The National Lottery Community Fund (NLCF) leads the way in funding grassroot groups in the most deprived parts of the UK, according to a new report.
The report, Below the Radar: Exploring Grants Data for Grassroots Organisations, which looks at funding for very small community groups including those operating “below the radar” of the Charity Commission, finds that over half the grants made by the NLCF to these groups go to organisations working in the poorest third of the country.
This is higher than the proportion of total grants going to all charities in these areas, and also higher than the percentage of grants other funders make to “beneath the radar” groups working in the poorest parts of the UK.
Benefiting the most deprived areas
With reference to the indices of multiple deprivation, the report says that NLCF grants to these very small groups “tend to benefit more deprived areas: more than half (53%) of those grants went towards organisations in the 30% most deprived areas.
“This is higher than the total proportion of grants (39%) going towards the 30% most deprived areas. Grants to below-the-radar organisations from other funders were fairly equally spread between areas of lower and higher levels of deprivation.”
Looking back to the left behind
The NLCF has also targeted more funding to “beneath the radar” groups in the so-called “left behind” areas of the UK, as defined by Oxford Consultants for Social Inclusion.
The Local Trust report says: “13% of grants in these [left behind] areas go to below the-radar organisations funded by the NLCF, compared with 7% for other areas, suggesting that the NLCF is an important funder for these areas.”
Who they are and what they do
The report identifies 12,800 local organisations which, because of their informal set-up and low income, are not registered with the Charity Commission yet fulfil essential roles in their communities. In addition, it looks at some registered grassroots charities which appear on the regulator’s database but are so small that very little information has previously been collected about them.
The report uses 360Giving data to identify patterns in where the groups operate, what they do, and how they are funded.
It says that the top three funded activities for “below the radar” organisations are arts and culture, education and training, and green spaces. The largest proportion of funding for very small registered grassroots charities went to organisations working with young people.
A large proportion of grants made by funders to “below the radar” charities went towards capital spending on buildings and equipment, excluding NLCF.
Some 22% of grants to these groups were for work on buildings, and 10% towards buying or fixing equipment. For registered grassroot charities, the proportions were 19% and 13%.
The report notes that “for many groups, these spaces and facilities provide the places where their work can take place.”
Local Trust: Consign 'hard to reach' to history
In the foreword to the report, Manny Hothi, director of policy at Trust for London and a trustee at 360Giving, argues that better understanding and supporting “below the radar” groups will ultimately allow the sector to change the way it thinks and talks about small grassroot charities.

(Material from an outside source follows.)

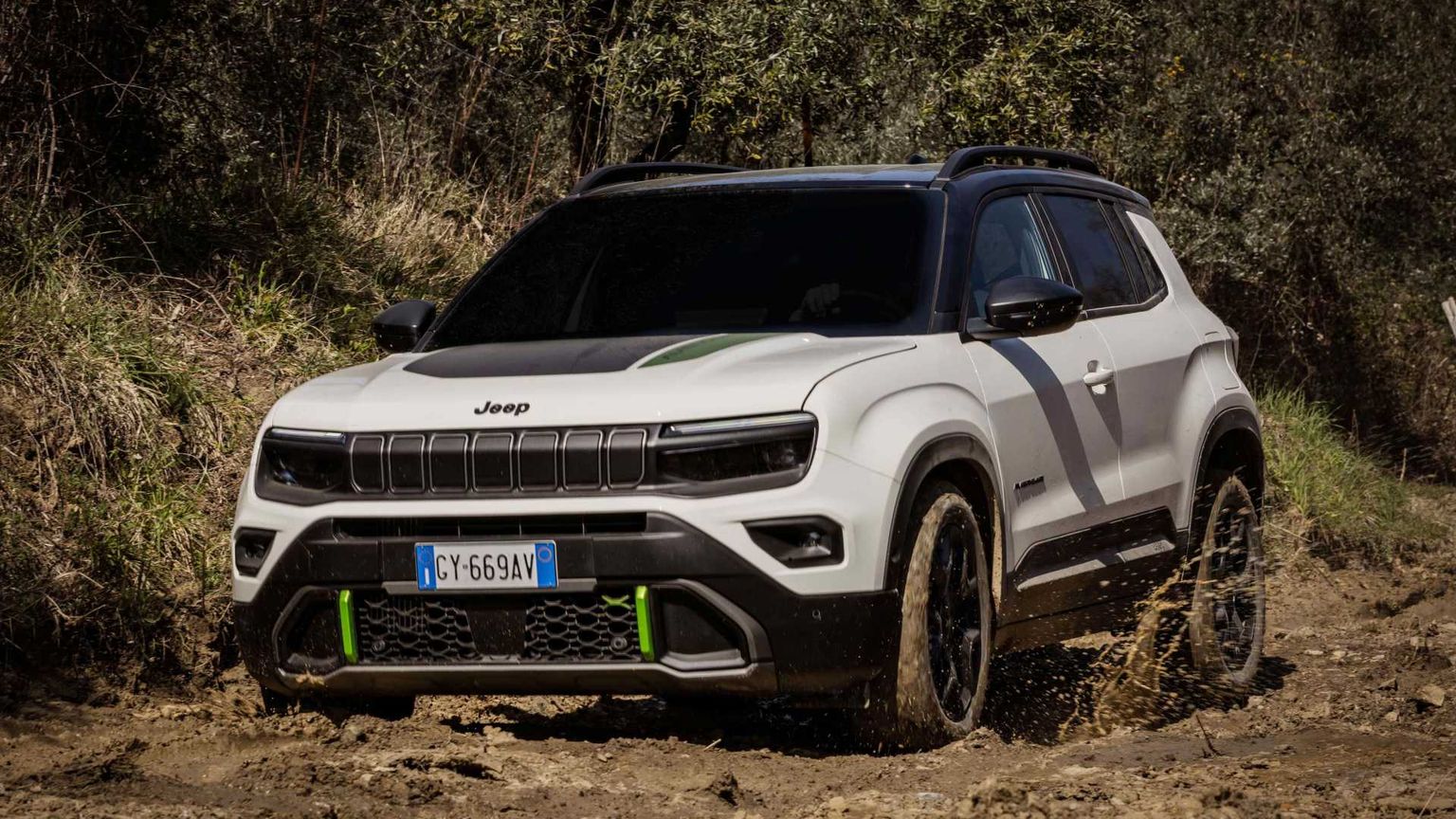 Jeep Avenger 4xe, ecco perchè la trazione integrale ha ancora un senso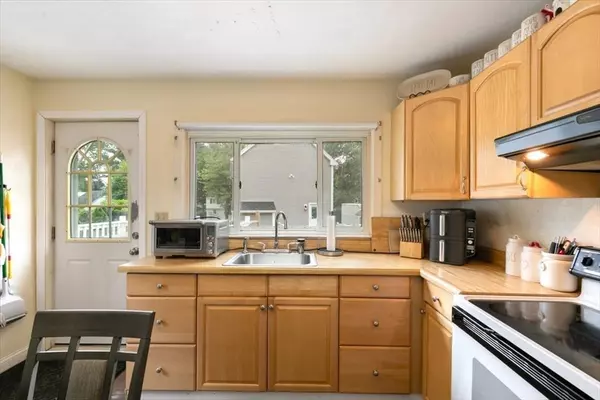 Tewksbury, MA 01876,15 Oak St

Hothi said: “Too often, the phrase ‘below the radar’ is interchangeable with ‘hard to reach’. It is institutional shorthand used to illustrate the difficulties that local authorities and other large organisations have engaging with minority communities.
“These sorts of phrases should be consigned to the past. The use of 360Giving data shows that you can find them if you look hard enough — and if you can find them, you can support them in their efforts to meet the needs of their communities.”